Use this only if you want a fresh collection rebuild after major indexing changes.

In [None]:
%cd /content/lovli

# Full rebuild flow (uncomment to run):
# !python scripts/index_laws.py data/nl --collection lovli_laws_v3 --recreate
# !python scripts/index_laws.py data/sf --collection lovli_laws_v3

print('Uncomment both commands above only if you want a full rebuild.')

## 10. Verify Collection and Run Source-Gating Validation

In [None]:
%cd /content/lovli

# Scripted metadata + smoke validation (includes collection-level sanity output).
!python scripts/validate_reindex.py --collection lovli_laws_v3 --with-smoke

# Cross-law contamination analysis
!python -u scripts/analyze_law_contamination.py --output eval/law_contamination_report.json

In [None]:
## 11. Retrieval Sweep (quick check + full run)

import os
%cd /content/lovli

# Quick check (optional but recommended before full run)
os.environ['SWEEP_SAMPLE_SIZE'] = '10'
!python -u scripts/sweep_retrieval_thresholds.py
os.environ.pop('SWEEP_SAMPLE_SIZE', None)

# Full run
!python -u scripts/sweep_retrieval_thresholds.py

## 12. Artifact Overview and Metrics

In [None]:
%cd /content/lovli
!ls -lah eval

import json
from pathlib import Path

artifacts = [
    Path('data/law_catalog.json'),
    Path('eval/law_contamination_report.json'),
    Path('eval/retrieval_sweep_results.json'),
]
for p in artifacts:
    print(f'{p}:', 'exists' if p.exists() else 'missing')

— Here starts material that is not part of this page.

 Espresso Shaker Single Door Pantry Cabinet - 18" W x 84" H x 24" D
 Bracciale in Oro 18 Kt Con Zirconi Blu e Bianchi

report_path = Path('eval/law_contamination_report.json')
if report_path.exists():
    report = json.loads(report_path.read_text(encoding='utf-8'))
    agg = report.get('aggregate', {})
    print('\nContamination aggregate:')
    for k in [
        'total_questions',
        'contamination_rate',
        'singleton_foreign_rate',
        'unexpected_citation_rate',
        'mean_foreign_score_gap',
    ]:
        print(f'  {k}: {agg.get(k)}')

sweep_path = Path('eval/retrieval_sweep_results.json')
if sweep_path.exists():
    rows = json.loads(sweep_path.read_text(encoding='utf-8'))
    if rows:
        top = rows[0]
        print('\nTop sweep row:')
        for k in [
            'recall_at_k',
            'citation_precision',
            'unexpected_citation_rate',
            'law_contamination_rate',
            'law_coherence_filtered_count',
        ]:
            print(f'  {k}: {top.get(k)}')